WHAT YOU SHOULD DO:
Please, without any pictures, set down exactly the part of the listing below that opens with the line containing "Kia Sorento 2 of 14" and closes with the line containing "Millie (Sydney Sweeney)".

AVAILABLE DATA:
-=-=-
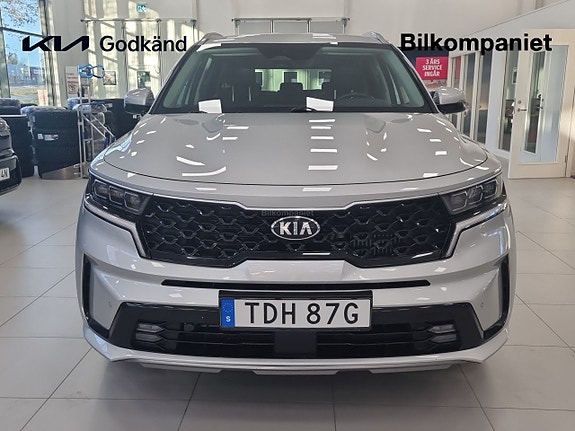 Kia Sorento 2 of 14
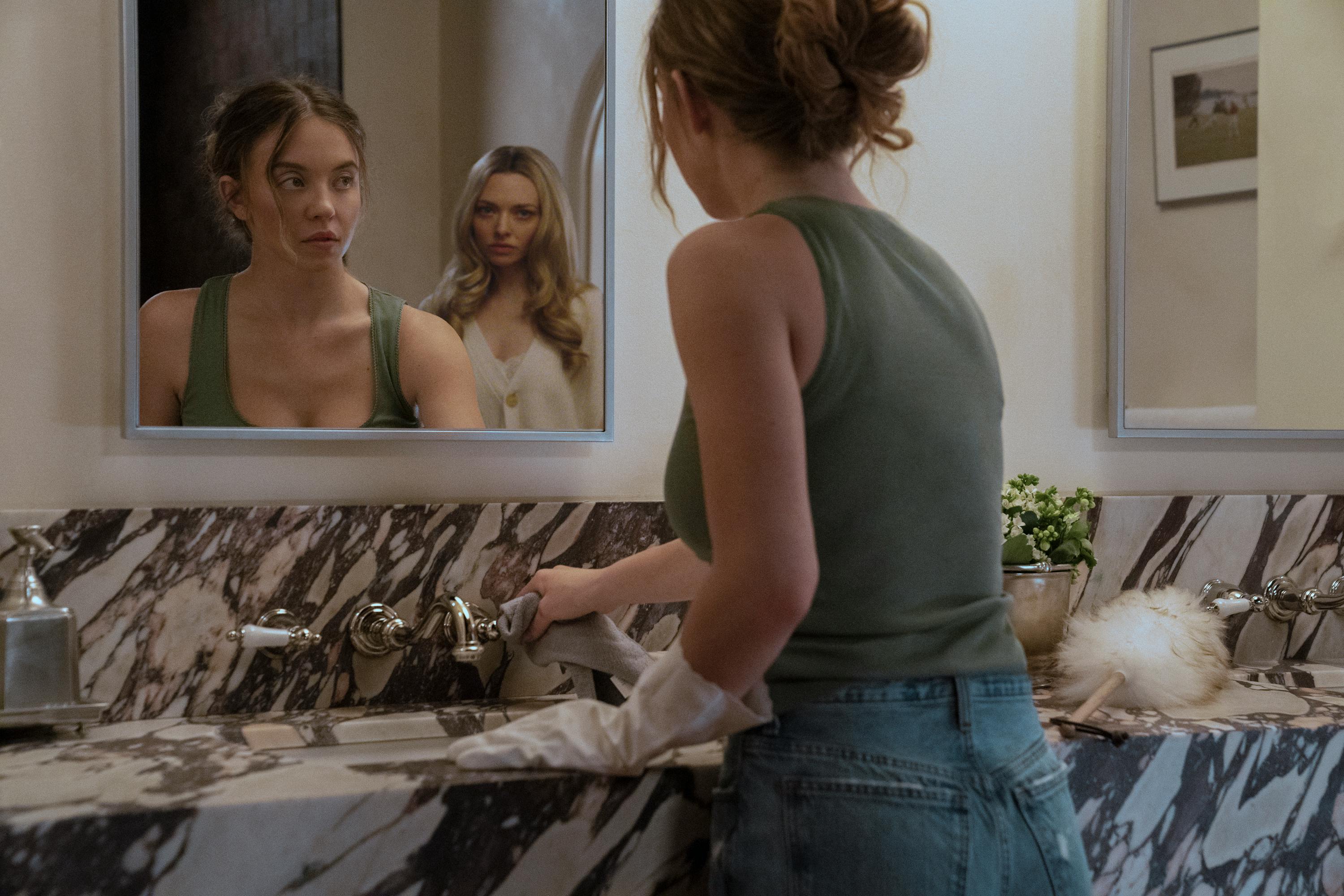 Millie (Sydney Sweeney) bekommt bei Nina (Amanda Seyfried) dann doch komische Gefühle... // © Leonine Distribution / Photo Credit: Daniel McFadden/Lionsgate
-=-=-
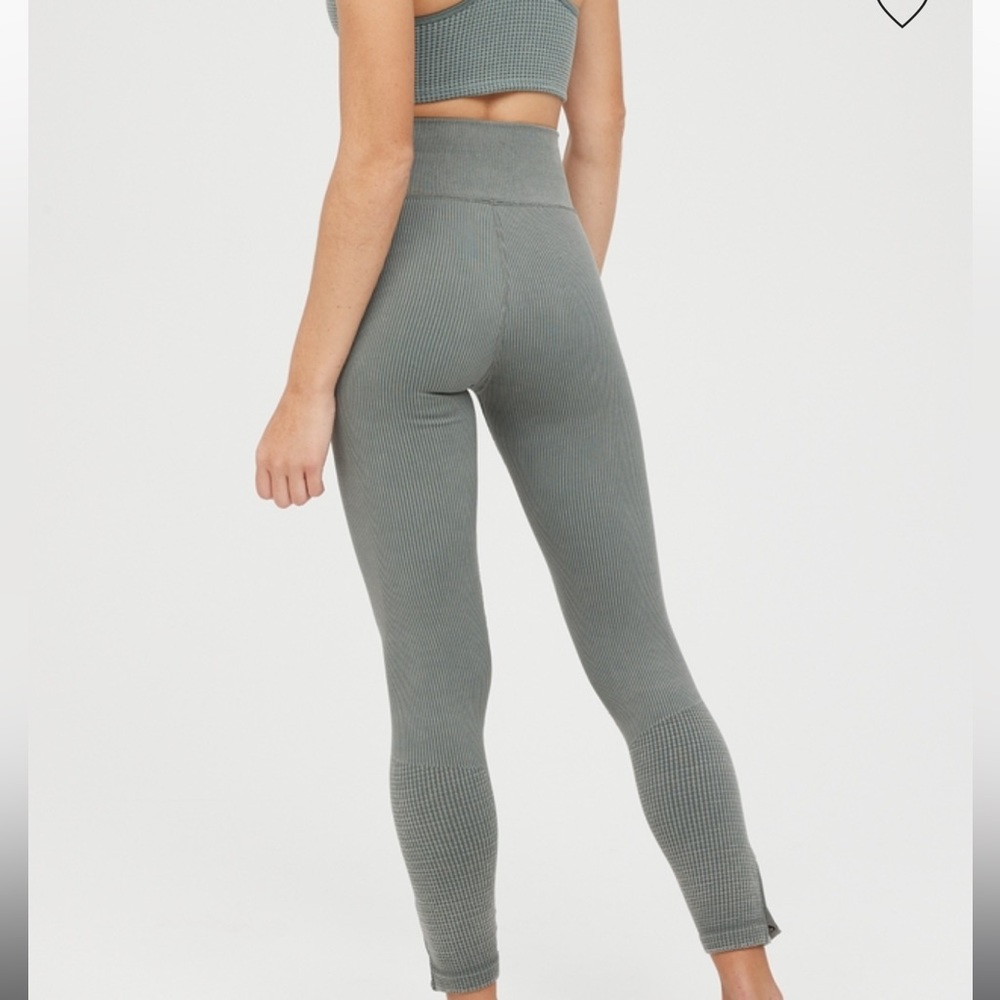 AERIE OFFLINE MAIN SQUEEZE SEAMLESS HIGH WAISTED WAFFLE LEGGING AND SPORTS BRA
-=-=-
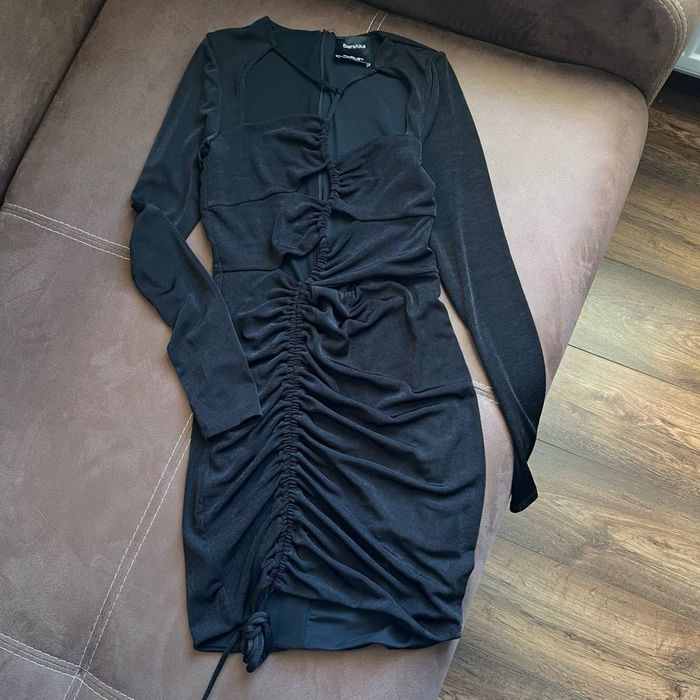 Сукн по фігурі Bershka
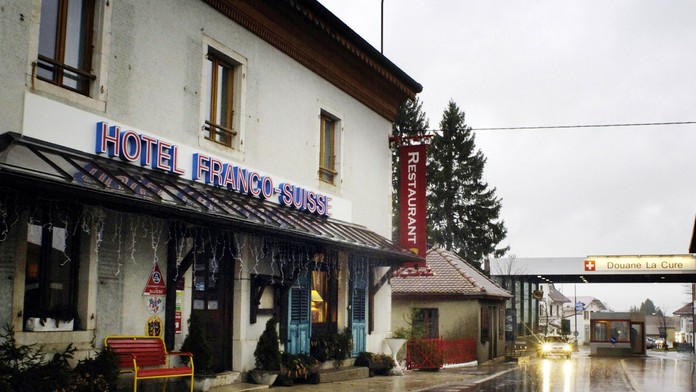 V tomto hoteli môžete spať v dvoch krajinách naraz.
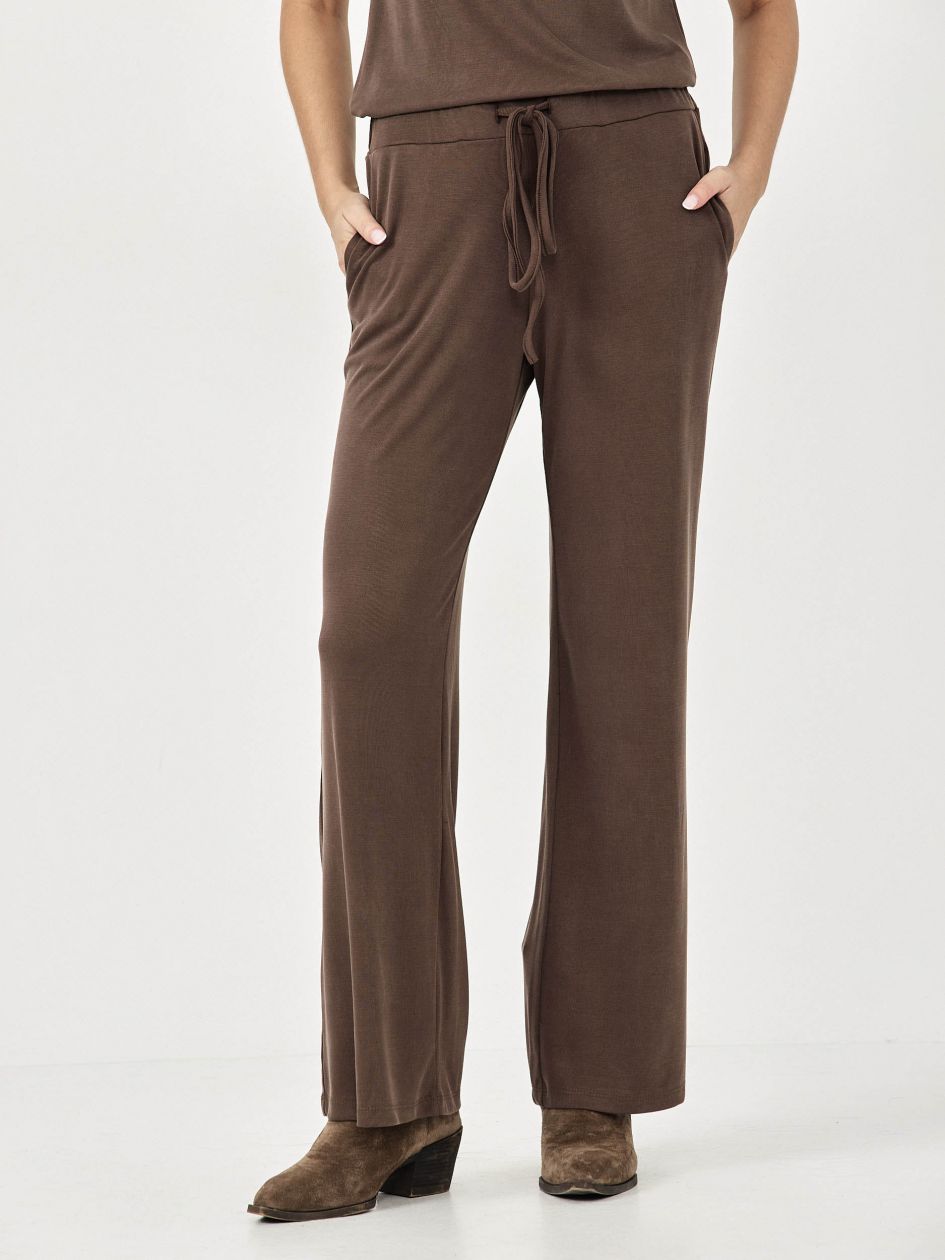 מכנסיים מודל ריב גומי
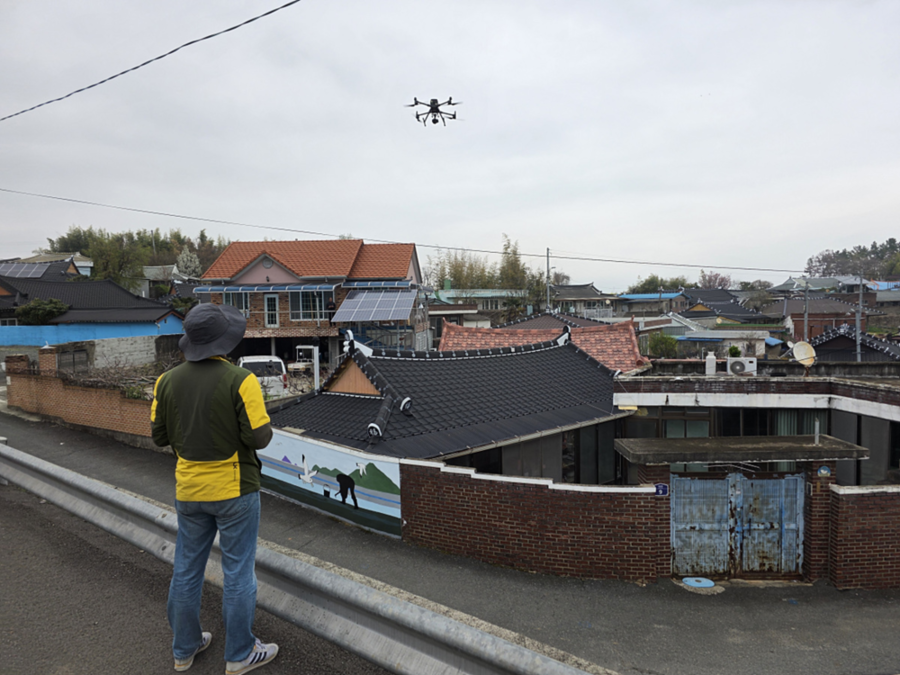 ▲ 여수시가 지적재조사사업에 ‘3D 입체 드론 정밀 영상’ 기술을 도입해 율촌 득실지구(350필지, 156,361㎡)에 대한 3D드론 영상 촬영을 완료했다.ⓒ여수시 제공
-=-=-
RESULT:
 Kia Sorento 2 of 14
 Millie (Sydney Sweeney) bekommt bei Nina (Amanda Seyfried) dann doch komische Gefühle... // © Leonine Distribution / Photo Credit: Daniel McFadden/Lionsgate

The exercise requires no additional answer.